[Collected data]
★ ★ ★

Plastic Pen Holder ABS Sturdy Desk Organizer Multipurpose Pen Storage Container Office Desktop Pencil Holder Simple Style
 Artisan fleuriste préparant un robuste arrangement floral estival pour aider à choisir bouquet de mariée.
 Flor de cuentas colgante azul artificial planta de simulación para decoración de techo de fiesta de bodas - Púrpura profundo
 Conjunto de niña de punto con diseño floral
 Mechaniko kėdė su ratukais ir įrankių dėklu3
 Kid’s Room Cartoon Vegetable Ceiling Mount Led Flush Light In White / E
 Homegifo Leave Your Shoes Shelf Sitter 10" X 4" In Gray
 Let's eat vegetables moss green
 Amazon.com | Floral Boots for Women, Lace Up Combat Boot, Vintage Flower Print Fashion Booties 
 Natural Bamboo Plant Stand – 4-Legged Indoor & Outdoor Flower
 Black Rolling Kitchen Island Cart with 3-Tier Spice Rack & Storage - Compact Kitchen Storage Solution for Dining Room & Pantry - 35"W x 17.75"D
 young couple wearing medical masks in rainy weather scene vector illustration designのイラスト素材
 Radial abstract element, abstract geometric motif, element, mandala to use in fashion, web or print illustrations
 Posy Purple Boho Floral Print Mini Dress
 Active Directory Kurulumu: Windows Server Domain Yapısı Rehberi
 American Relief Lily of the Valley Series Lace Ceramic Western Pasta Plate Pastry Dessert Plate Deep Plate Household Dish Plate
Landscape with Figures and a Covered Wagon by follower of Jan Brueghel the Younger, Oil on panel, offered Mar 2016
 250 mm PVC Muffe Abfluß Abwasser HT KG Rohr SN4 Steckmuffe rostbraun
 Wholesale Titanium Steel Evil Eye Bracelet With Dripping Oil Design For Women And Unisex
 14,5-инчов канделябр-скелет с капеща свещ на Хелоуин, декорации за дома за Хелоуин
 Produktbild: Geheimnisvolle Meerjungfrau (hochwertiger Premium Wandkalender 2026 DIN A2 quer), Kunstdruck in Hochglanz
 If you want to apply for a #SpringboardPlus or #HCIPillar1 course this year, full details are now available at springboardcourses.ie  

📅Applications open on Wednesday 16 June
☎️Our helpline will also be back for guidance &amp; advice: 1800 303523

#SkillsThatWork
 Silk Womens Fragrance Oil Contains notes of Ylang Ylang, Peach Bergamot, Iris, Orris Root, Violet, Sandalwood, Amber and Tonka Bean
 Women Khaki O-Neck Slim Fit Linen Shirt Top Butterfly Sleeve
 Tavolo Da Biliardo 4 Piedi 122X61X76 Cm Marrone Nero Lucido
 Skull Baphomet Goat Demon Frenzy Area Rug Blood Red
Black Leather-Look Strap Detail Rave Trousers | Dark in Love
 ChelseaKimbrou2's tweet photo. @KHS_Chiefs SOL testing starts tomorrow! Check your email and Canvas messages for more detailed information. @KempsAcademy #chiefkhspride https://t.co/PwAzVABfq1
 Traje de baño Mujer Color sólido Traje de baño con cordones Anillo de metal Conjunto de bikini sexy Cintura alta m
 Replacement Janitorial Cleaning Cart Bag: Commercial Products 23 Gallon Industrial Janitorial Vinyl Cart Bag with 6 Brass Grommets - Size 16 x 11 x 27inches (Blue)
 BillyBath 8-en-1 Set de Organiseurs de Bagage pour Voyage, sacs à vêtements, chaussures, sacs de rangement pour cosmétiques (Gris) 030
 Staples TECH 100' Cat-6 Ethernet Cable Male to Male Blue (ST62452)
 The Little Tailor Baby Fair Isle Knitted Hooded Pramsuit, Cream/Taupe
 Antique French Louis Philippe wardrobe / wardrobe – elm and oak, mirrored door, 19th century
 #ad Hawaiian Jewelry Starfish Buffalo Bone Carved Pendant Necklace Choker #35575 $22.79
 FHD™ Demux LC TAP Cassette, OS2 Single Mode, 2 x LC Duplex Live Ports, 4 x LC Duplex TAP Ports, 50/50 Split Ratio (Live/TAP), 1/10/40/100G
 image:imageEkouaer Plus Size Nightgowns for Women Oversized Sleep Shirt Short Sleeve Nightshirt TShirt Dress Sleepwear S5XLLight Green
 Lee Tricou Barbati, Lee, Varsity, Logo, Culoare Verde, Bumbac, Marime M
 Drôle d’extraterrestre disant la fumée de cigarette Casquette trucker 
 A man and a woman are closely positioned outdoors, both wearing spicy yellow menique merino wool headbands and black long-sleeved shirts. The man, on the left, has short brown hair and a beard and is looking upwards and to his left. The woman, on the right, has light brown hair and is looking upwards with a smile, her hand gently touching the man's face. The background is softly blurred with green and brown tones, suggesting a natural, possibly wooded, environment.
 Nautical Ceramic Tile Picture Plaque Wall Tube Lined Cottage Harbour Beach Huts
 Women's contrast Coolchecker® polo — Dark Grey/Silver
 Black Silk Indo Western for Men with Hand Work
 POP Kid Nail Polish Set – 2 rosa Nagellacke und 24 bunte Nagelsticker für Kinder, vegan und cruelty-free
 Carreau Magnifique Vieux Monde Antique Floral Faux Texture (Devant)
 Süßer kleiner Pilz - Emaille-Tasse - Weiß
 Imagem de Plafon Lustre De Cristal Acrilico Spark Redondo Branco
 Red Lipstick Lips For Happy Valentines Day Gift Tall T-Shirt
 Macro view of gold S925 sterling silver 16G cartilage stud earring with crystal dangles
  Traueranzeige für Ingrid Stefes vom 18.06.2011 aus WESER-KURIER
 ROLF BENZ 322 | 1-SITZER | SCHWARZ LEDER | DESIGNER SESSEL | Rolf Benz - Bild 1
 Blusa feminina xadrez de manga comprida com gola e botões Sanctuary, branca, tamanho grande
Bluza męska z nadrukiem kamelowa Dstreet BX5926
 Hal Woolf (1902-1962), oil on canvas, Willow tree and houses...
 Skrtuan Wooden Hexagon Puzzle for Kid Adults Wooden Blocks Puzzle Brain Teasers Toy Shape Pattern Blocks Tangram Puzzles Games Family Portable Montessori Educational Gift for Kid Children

★ ★ ★

▶ [What you should do]: Only the lines above starting at the line that holds "Red Lipstick Lips" and ending at the line that holds "ROLF BENZ 322" are to be repeated, exactly and in full.

▶ [Output below]:
 Red Lipstick Lips For Happy Valentines Day Gift Tall T-Shirt
 Macro view of gold S925 sterling silver 16G cartilage stud earring with crystal dangles
  Traueranzeige für Ingrid Stefes vom 18.06.2011 aus WESER-KURIER
 ROLF BENZ 322 | 1-SITZER | SCHWARZ LEDER | DESIGNER SESSEL | Rolf Benz - Bild 1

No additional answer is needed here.